LISTED ENTRIES:

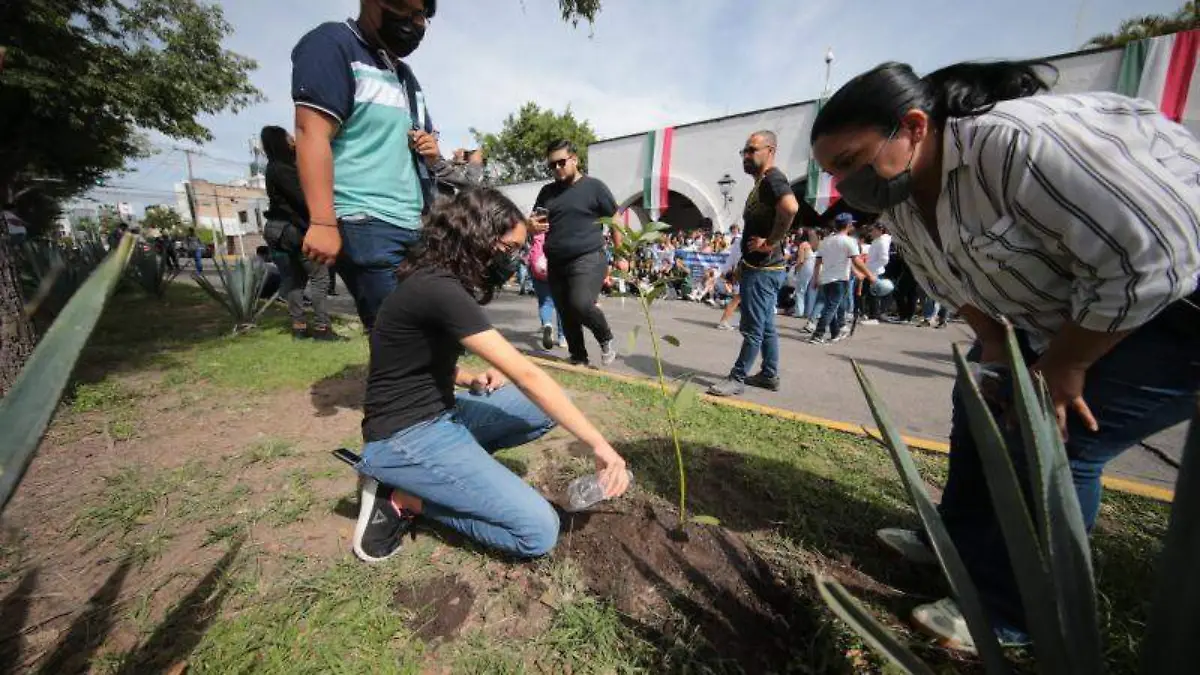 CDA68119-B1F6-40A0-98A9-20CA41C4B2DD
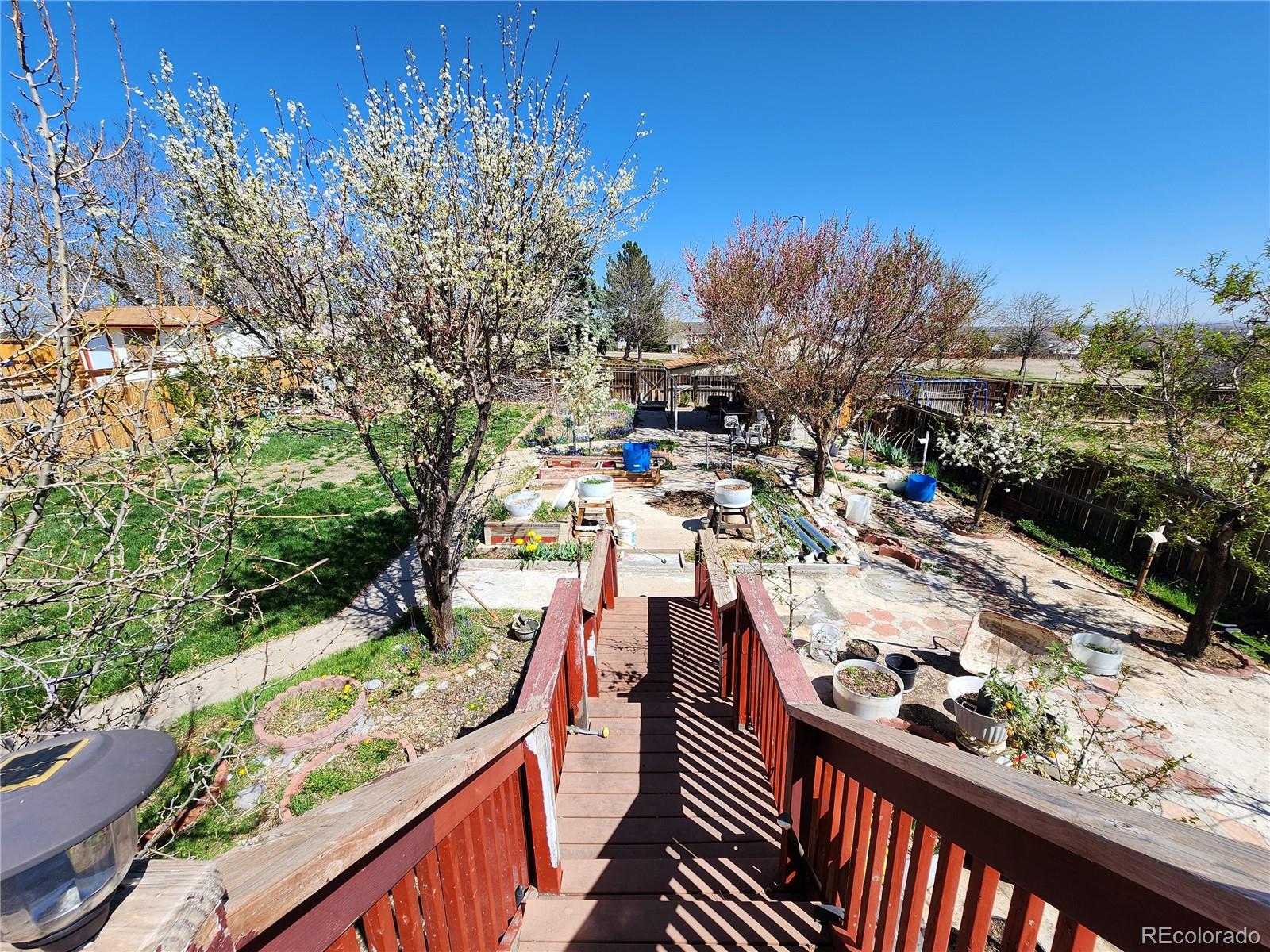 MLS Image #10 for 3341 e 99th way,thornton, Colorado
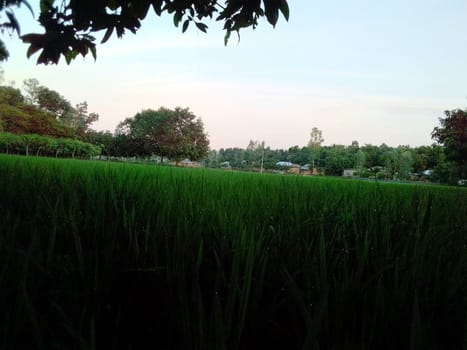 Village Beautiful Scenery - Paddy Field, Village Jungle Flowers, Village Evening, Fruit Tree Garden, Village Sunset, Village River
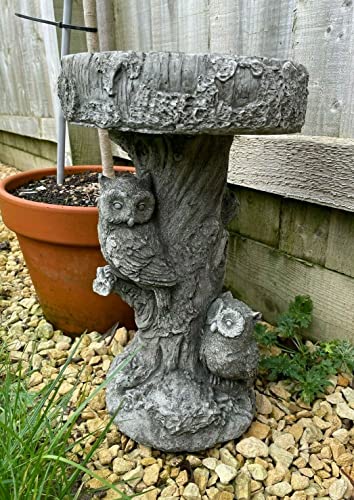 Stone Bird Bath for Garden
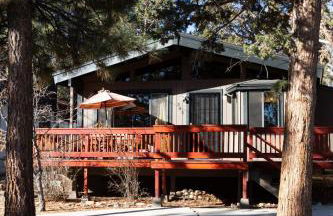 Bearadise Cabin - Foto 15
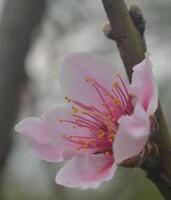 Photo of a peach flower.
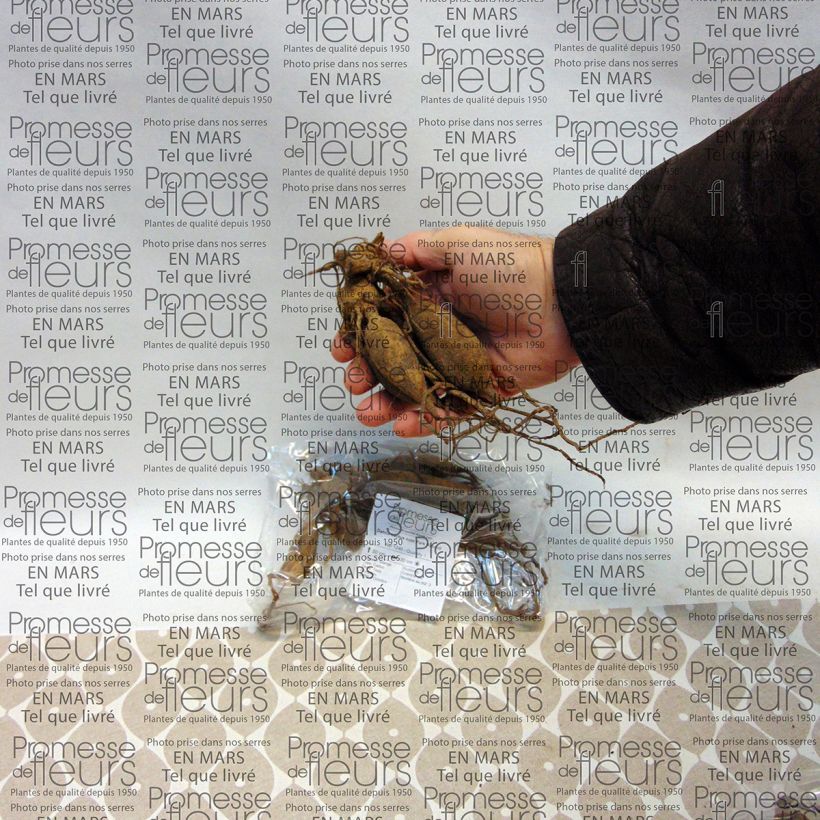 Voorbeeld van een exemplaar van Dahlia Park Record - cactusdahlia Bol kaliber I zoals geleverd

ACTION ITEM: Write out exactly, and only, the lines from the line holding "Stone Bird Bath for Garden" through the end of the data, inclusive, without any pictures.

RESPONSE TO THE TASK:
 Stone Bird Bath for Garden
 Bearadise Cabin - Foto 15
 Photo of a peach flower.
 Voorbeeld van een exemplaar van Dahlia Park Record - cactusdahlia Bol kaliber I zoals geleverd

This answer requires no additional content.